Laggiù nell’Hérault e ancor più muovendosi verso la Camargue e poi salendo un po’ a nord su seguendo al contrario il percorso del Rodano, il tempo ha la capacità di dilatarsi, rendersi meno pressante. Le ore si allungano soprattutto quando l’estate fa sentire il suo calore e le ore sono ritmate soltanto dal ronzare delle zanzare. 

Laggiù nell’Hérault anche il tempo del Tour de France si è dilatato nell’incedere lento e svogliato di un gruppo che non aveva nessuna fretta di arrivare a Nîmes. Perché accelerare quando ci si può godere l’ultima pianura di questa Grande Boucle?
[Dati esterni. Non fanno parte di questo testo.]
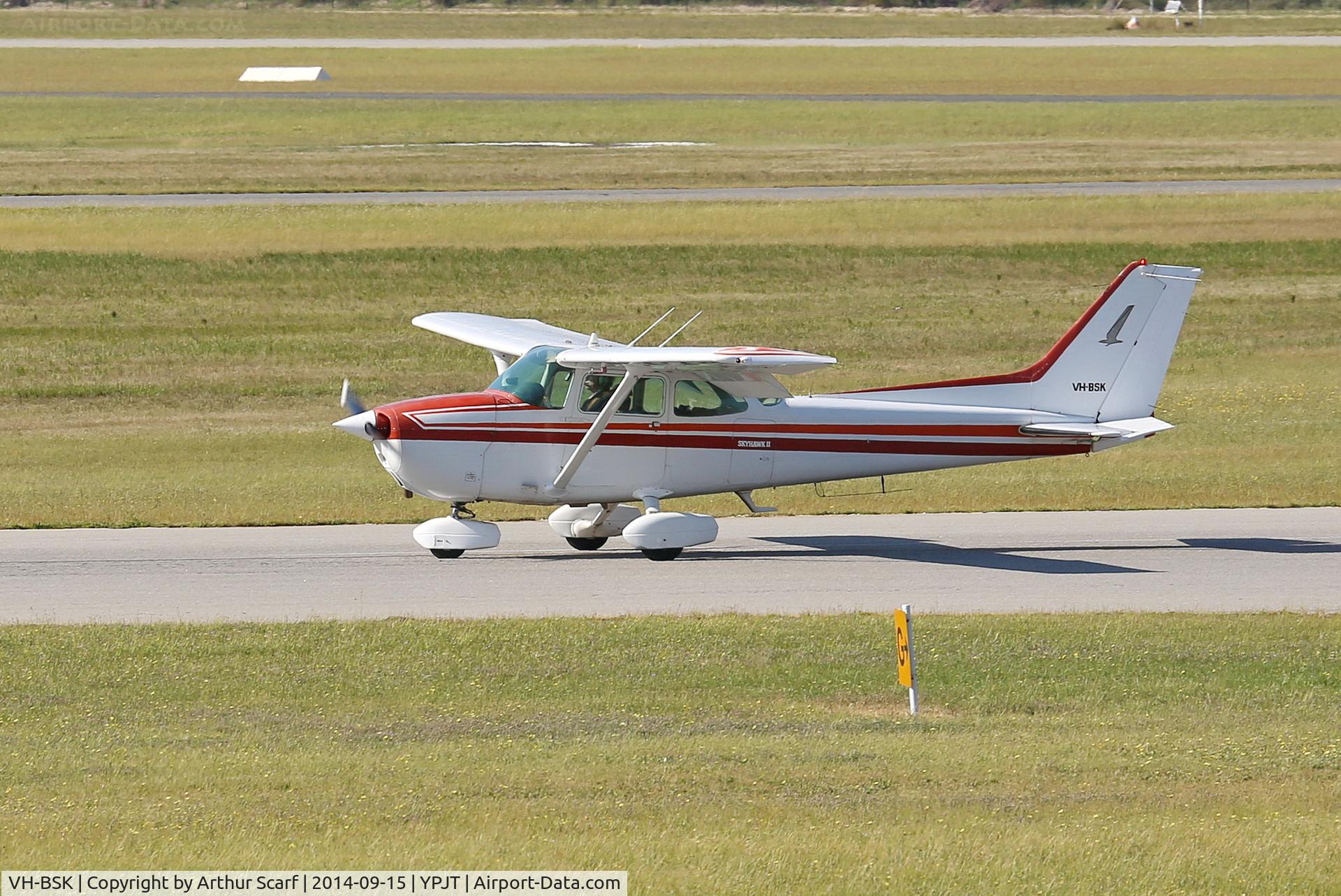 VH-BSK, 1981 Cessna 172P C/N 17274271, Jandakot Airport WA 15/09/2014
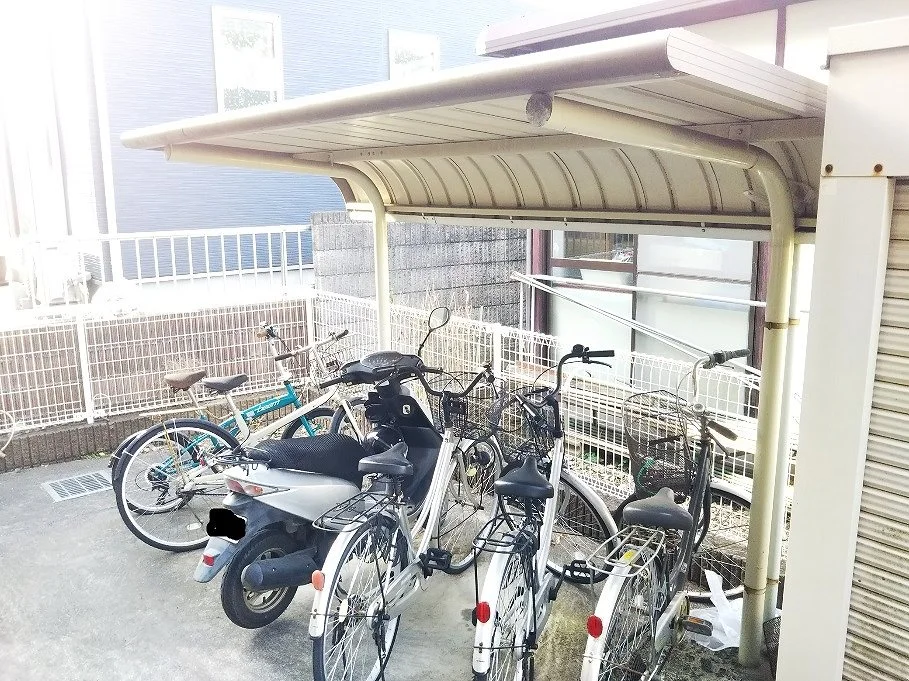 駐輪場完備。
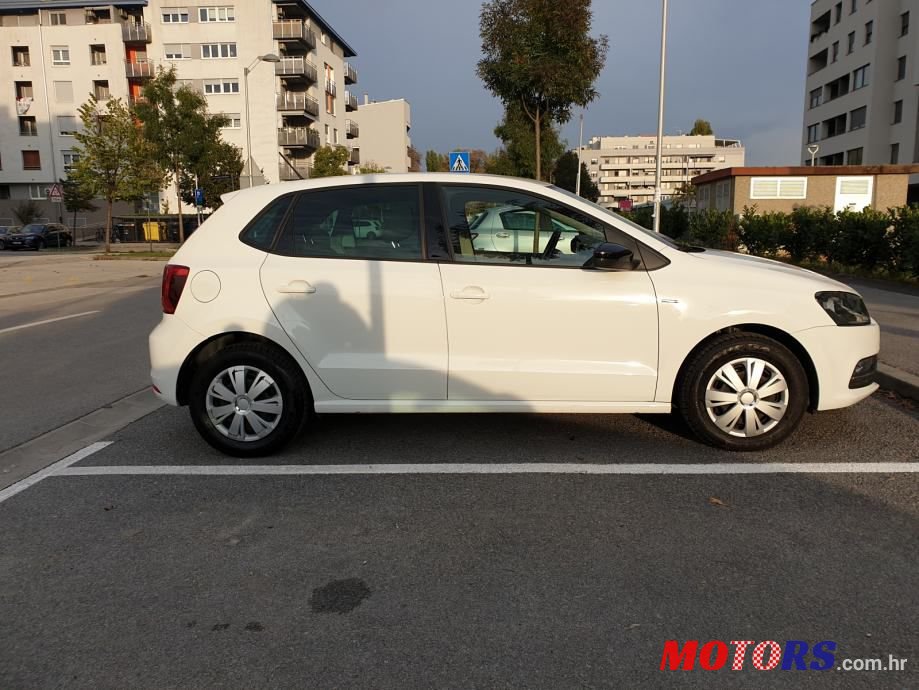 2014' Volkswagen Polo photo #1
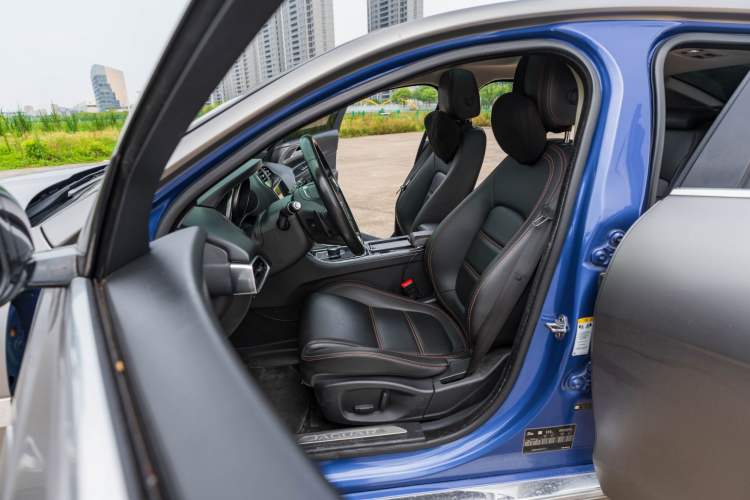 Used Jaguar XEL 2019 2.0T 200 PS Luxury Edition Driver Seat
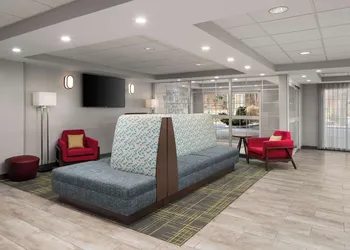 Hampton Inn Sturbridge hotel thumbnail 2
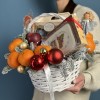 Новогодняя корзина с пряниками мандаринами и медом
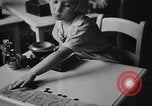 Standbild Maria Montessori Berlin Deutschland, 1931, aus Sekunde 31 historischem Filmmaterial Videoclip 65675072972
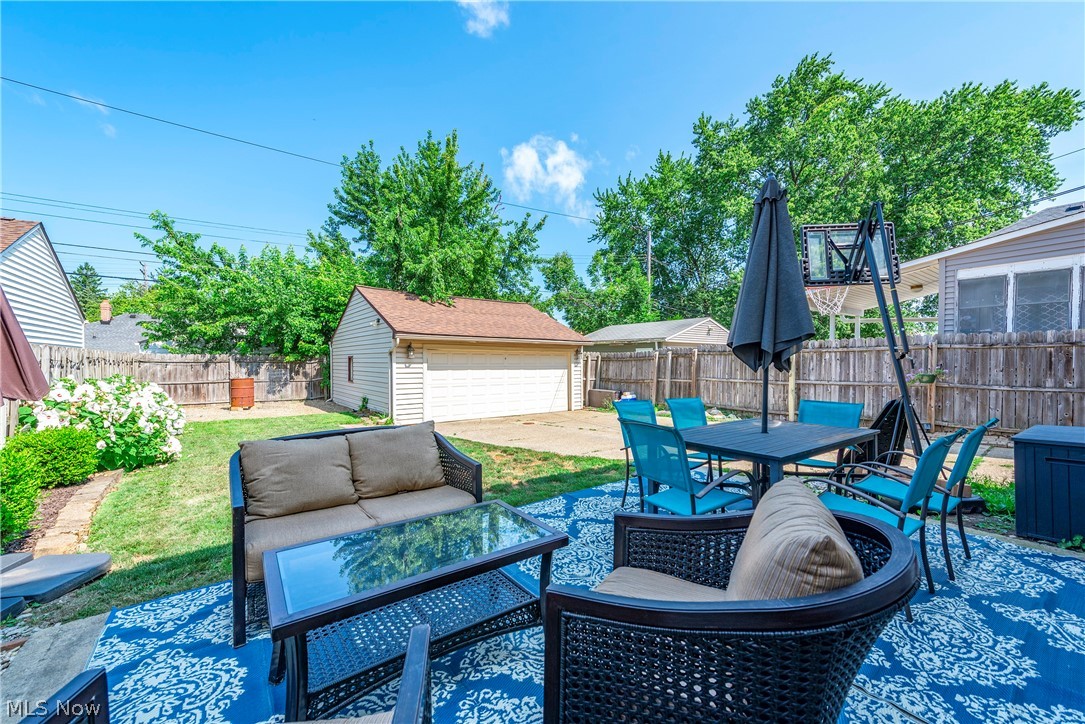 5896 Hodgman Drive Parma Heights OH 44130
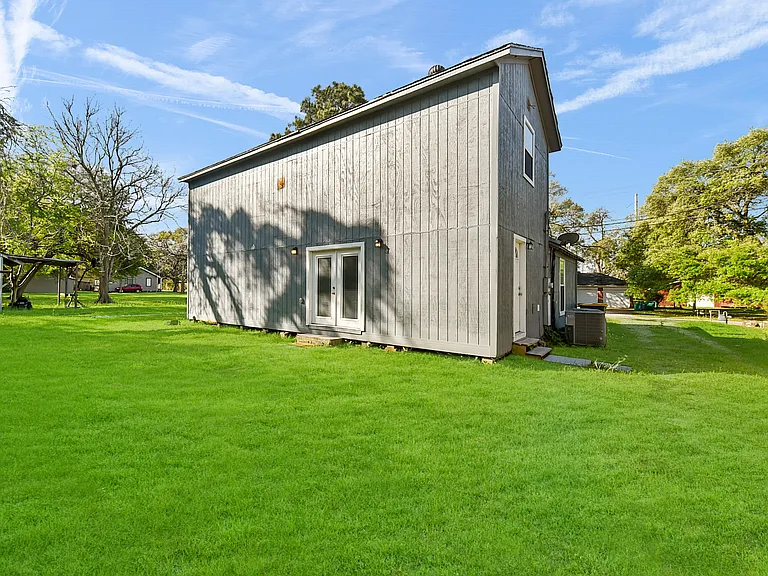 1029 Sycamore St — Photo 30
Perché velocizzare l’avvicinamento alle Alpi e ingolfare le gambe di fatiche buone solo a rendere più veloce l’arrivo del tempo massimo montanaro? Lo sapevano tutti che i velocisti sarebbero stati attenti, che avrebbero messo davanti i loro mastini da rincorsa, pronti ad azzannare qualsiasi corridore che aveva l’idea di trasformarsi in preda da acchiappare. C’ha pensato nessuno all’evasione. In certi casi la “prigionia” del gruppo è molto più dolce di qualsiasi tentativo di acciuffare la libertà. 

E volata è stata, come doveva essere. Anche se prima della volata, a metà percorso, Thomas Gachignard ha provato a fare il guastafeste, il personaggio a sorpresa che entra in un racconto e lo scompiglia. È mica uno a cui piace l’agiatezza Thomas Gachignard. Non si sognano le pietre del Nord se si è uno a cui piace l’agiatezza. È corridore inquieto, come le pietre del Nord, uno che al grande ciclismo ci è arrivato dalla porta secondaria, dopo tanto lavoro, tanti piazzamenti e poche vittorie. Uno che si è fatto la campagna del Nord ed era felice come un bambino mentre apre l’uovo di Pasqua e si strafoga di cioccolato: “Urca, e pensare che queste corse me le vedevo da casa e che quando c’erano io non c’ero per nessuno”, disse dopo la Gent-Wevelgem. 

Quando l’hanno convocato per il Tour de France era felice alla stessa maniera. Tanto che il general manager della sua squadra, la TotalEnergies, Jean-René Bernaudeau, disse: “Non credo sappia a cosa sta andando incontro”. Lo ha capito presto. "Mai avuto così male alle gambe. Però amen, è il Tour, è un piacere soffrire”. Oggi ha visto l’effetto che fa allontanarsi dal gruppo, saperlo dietro. Ha visto l’effetto che fa essere solo al comando, anche se per poche decine di chilometri. Sperava in un disinteresse generalizzato, in una totale smarrimento dei gregari. Nell’impossibile, forse.  

L’impossibile non si è materializzato. Il gruppo ha fatto il gruppo, il tempo dilatato dell’Hérault si è ristretto verso Nîmes. Troppo lontana la Camargue, troppo poco convincente il Rodano. Ci si è messo pure un po’ di vento a svegliare tutti. E così Thomas Gachignard è stato ripreso: non si era scelto il racconto giusto. 

Volata è stata, come doveva essere. Volata lunga, sballottata qua e là da rotonde e curvoni, capaci di allungare il gruppo, di far terminare i desideri di vittoria di Biniam Girmay a terra. Soprattutto di dare spazio alla bravura di Mathieu van der Poel nel condurre la bicicletta e condurre Jasper Philipsen verso la terza vittoria a questo Tour de France. Ce ne è per nessuno quando è così. Nemmeno per Phil Bauhaus, velocista da arrivi complicati.